The Trump administration is offering Canadian and Mexican steel and aluminum producers relief from steep 50% tariffs—if they commit to shifting production capacity into the U.S., a move that is already drawing backlash across North America and reshaping cross-border supply chains.
A notice published by the U.S. Department of Commerce on Thursday formalizes a process allowing companies operating in Canada or Mexico to apply for reduced tariffs if they invest in new U.S. production capacity.
The policy effectively ties tariff relief to onshoring commitments, marking a more aggressive phase of the administration’s broader strategy to use trade barriers to drive domestic manufacturing.
Tariff relief tied to U.S. production shift
Under the program, qualifying steel and aluminum producers can receive tariff reductions—potentially cutting duties in half—if they submit detailed plans to expand primary metals production in the U.S.

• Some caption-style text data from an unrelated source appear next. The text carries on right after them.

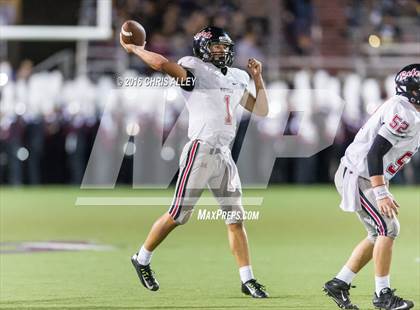 Thumbnail 1 in Maryville @ Dobyns-Bennett photogallery.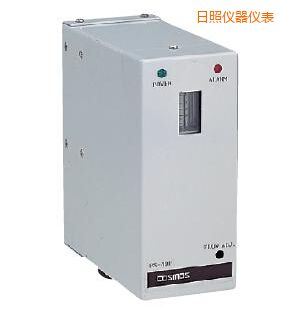 日照固定式氧氣檢測儀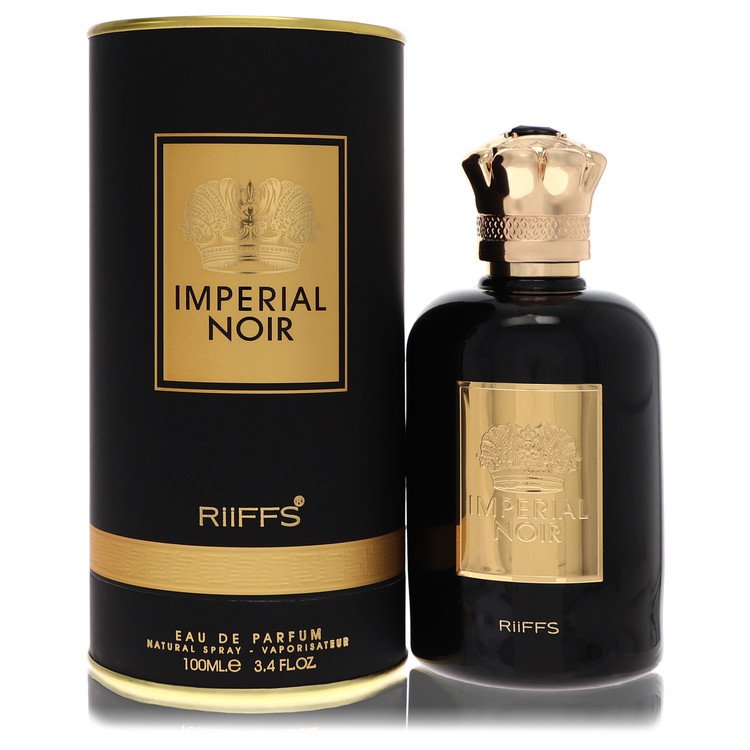 riiffs imperial noir by riiffs parfum 3.4 oz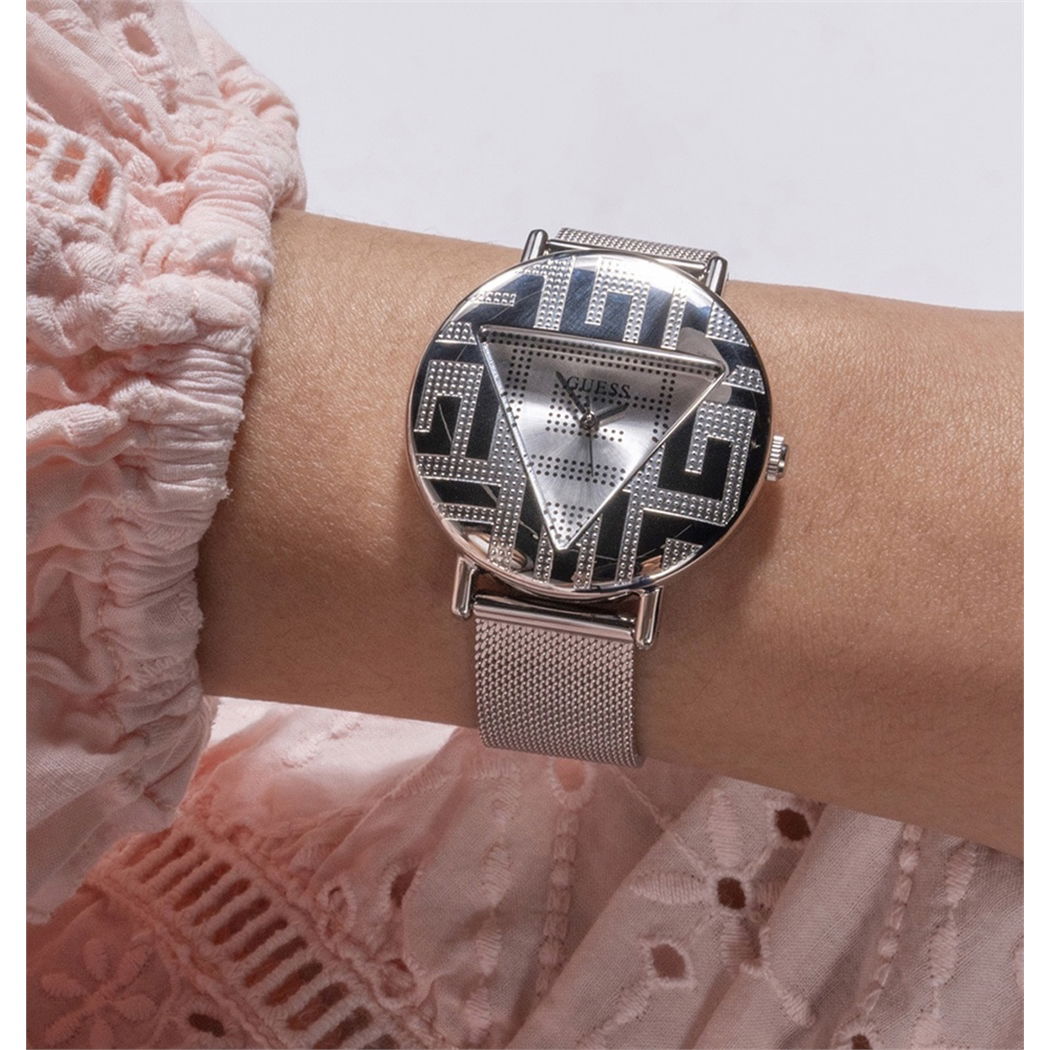 Guess Gugw0527l1 Kadın Kol Saati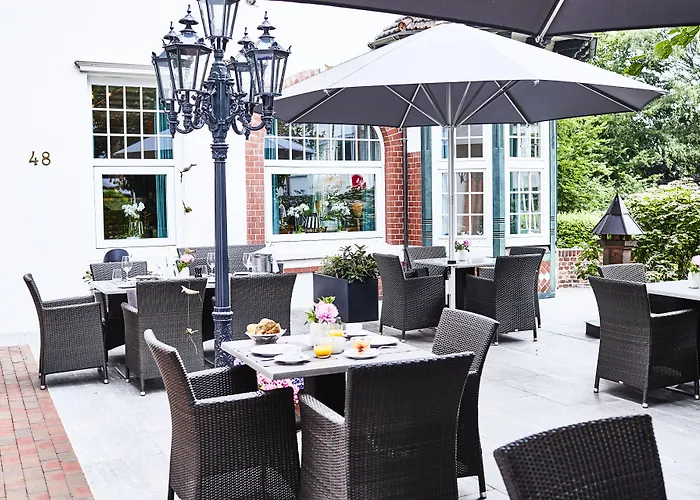 Cap Polonio Hotel Pinneberg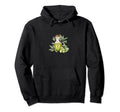 Bowl Olives Fruit Aesthetic Y2K Foodie Hoodie - Trendy Graphic Men Women - T-Shirt, Sweatshirt, Hoodie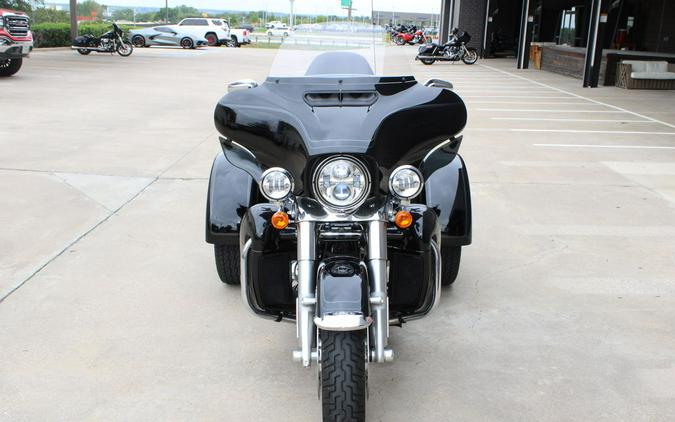 2023 Harley-Davidson® FLHTCUTG - Tri Glide® Ultra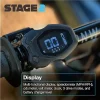 Off-Road Electric Dirt Bike - 6000W 60V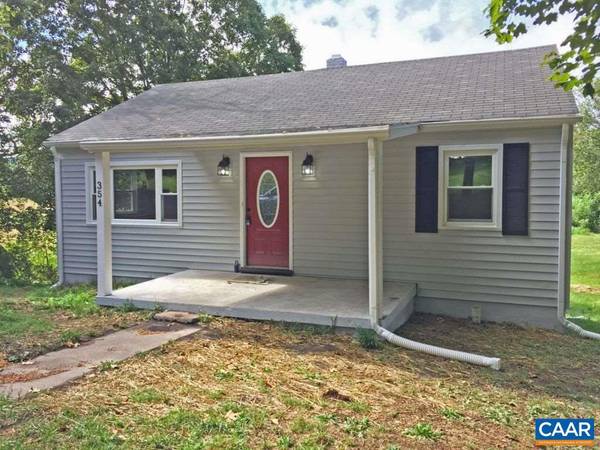 354 W RAILROAD AVE AVE, Craigsville, VA 24430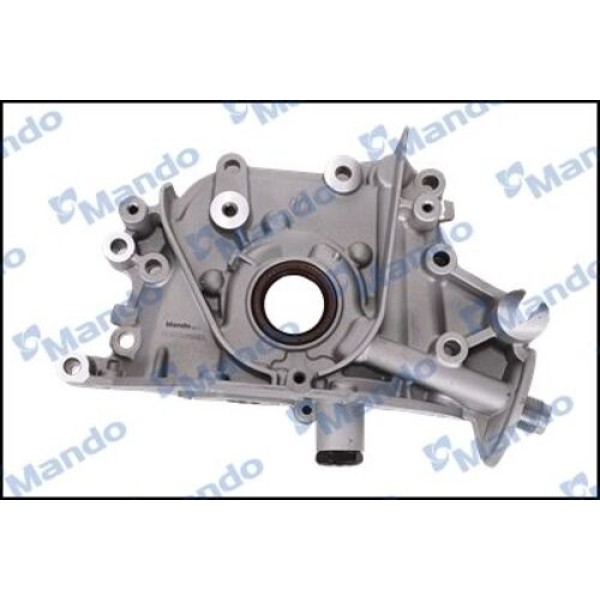 MANDO MOP1027 YAG POMPASI ERA 1.4-1.6 BENZINLI 2006> ACCENT 1.6 BENZINLI 2000-2005 ELANTRA 1.6 BENZINLI 2001>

The relief applies only to imports tied to new U.S. capacity and is contingent on meeting strict milestones, including construction timelines, hiring plans and capital investment commitments, according to the Federal Register notice.
The initiative comes after the U.S. imposed tariffs of up to 50% on imported steel and aluminum from Canada and Mexico, measures that both countries argue violate the United States-Mexico-Canada Agreement (USMCA).
A report by CBC News noted the administration is offering “immediate tariff relief” to companies that agree to move production south of the border in the future, underscoring the conditional nature of the policy.
White House points to domestic investment wins
The Trump administration has pointed to recent manufacturing announcements as evidence the strategy is working.
U.S. Steel said it plans to restart its Gary Tin Mill in Indiana, a move expected to support about 225 jobs and boost domestic supply for packaging and industrial uses.
Meanwhile, Marubeni-Itochu Steel America (MISA) announced it will build a $37 million steel processing facility in Osceola, Arkansas, creating 35 jobs and expanding its North American footprint.
Canada, Mexico push back ahead of USMCA review
The policy is intensifying tensions with U.S. trading partners just months ahead of the scheduled USMCA review.
Canadian and Mexican officials have both argued the tariffs—and the conditions attached to relief—undermine the spirit of the trade pact. Canada’s leadership has called the duties “violations” of the agreement, while signaling willingness to negotiate but not concede to U.S. demands.
Industry groups and labor unions have been more blunt.
The United Steelworkers union described the tariff relief offer as “economic coercion,” arguing it pressures companies to relocate production and jobs out of Canada, according to a news release.
Business groups such as the Ontario Chamber of Commerce warn the broader expansion of Section 232 tariffs is already disrupting integrated supply chains across the Great Lakes region, raising costs and putting thousands of manufacturing jobs at risk.
In 2025, the U.S. imported roughly 13% of its steel and 60% of its aluminum consumption, with total metal imports (iron, steel, aluminum, copper) valued at approximately $154.9 billion, down slightly from 2024.
The main origins of metal imports to the U.S. last year were Canada ($27.2B), China ($18.5B), Mexico ($15.7B), Chile ($9.12B) and South Korea ($7.66B), according to the Observatory of Economic Complexity.